Prevalence and genotypes of Enterocytozoon bieneusi in wildlife in Korea: a public health concern.

BACKGROUND: Enterocytozoon bieneusi is a unicellular microsporidian fungal pathogen that infects a broad range of animal hosts, including wild and domestic animals and humans. The infection burden of this parasite in wild animals in Korea is largely unknown. In this study, the occurrence and genotypes of E. bieneusi were investigated in wild animal populations in Korea.
METHODS: A total of 157 fecal samples (97 from Korean water deer, 48 from raccoon dogs and 12 from other taxa) were collected from wild animals at five wildlife centers in Korea. Genomic DNA was extracted from the samples and screened by nested-PCR targeting the internal transcribed spacer (ITS) region of rRNA, followed by sequence analysis to determine the genotype(s) of E. bieneusi.
RESULTS: The overall prevalence of E. bieneusi was 45.2% (71/157), with rates of 53.6% (52/97) in Korean water deer, 35.4% (17/48) in raccoon dogs and 16.7% (2/12) in other taxa. We detected seven ITS genotypes, including one known (genotype D) and six new genotypes (Korea-WL1-Korea-WL6). Phylogenetically, all detected genotypes clustered with counterparts belonging to group 1, which includes isolates from different animal hosts and humans, suggesting their zoonotic potential.
CONCLUSIONS: Our survey results indicate that E. bieneusi circulates widely in wild animals in Korea. These findings address the role of wildlife as a potential source of microsporidiosis in domestic animals and humans.

Background

Enterocytozoon bieneusi is a cosmopolitan microsporidian that infects a wide range of vertebrate and invertebrate hosts, including humans, domestic animals and wild game [1-6]. Enterocytozoon bieneusi infection is associated with enteropathy, resulting in diarrhea, malabsorption and occasionally growth impairment, especially in pediatric and immunocompromised individuals [7-12]. In addition, extra-intestinal microsporidian infections due to E. bieneusi are frequently reported [13-15]. Fecal-oral transmission is the most common route of infection through spore-contaminated food and/or water [9, 16–18]. Airborne transmission in cases of respiratory infections is still largely controversial [13]. Treatment options for E. bieneusi infections are limited, and few drugs have shown anti-microsporidian activity [9, 19].

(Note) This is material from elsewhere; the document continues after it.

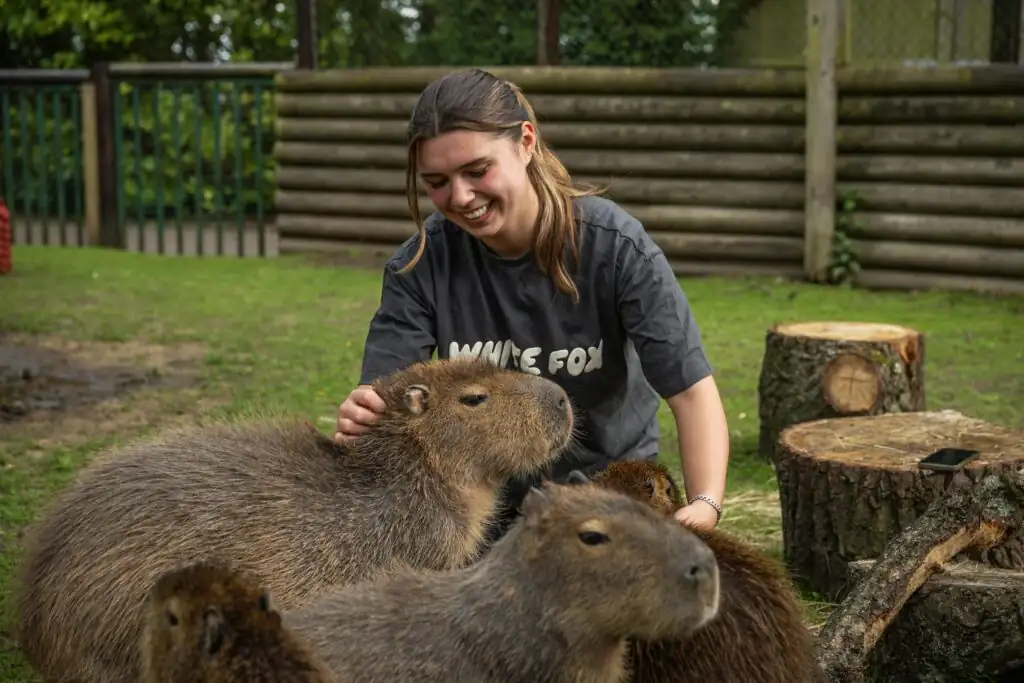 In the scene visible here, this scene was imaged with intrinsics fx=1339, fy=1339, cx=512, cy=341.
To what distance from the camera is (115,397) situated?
269 inches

Microscopic investigations of E. bieneusi spores in stool samples are inadequate to discriminate between genotypes owing to a lack of morphological differences. Molecular biology analyses are widely used for the sensitive detection and genotyping of microsporidian species [20, 21]. The genetic structure of the internal transcribed spacer (ITS) region of rRNA shows high diversity among isolates [22], providing the ability to differentiate between host-adapted and zoonotic genotypes [1, 2, 23] as well as the characterization of the geographical distribution of certain genotypes [24].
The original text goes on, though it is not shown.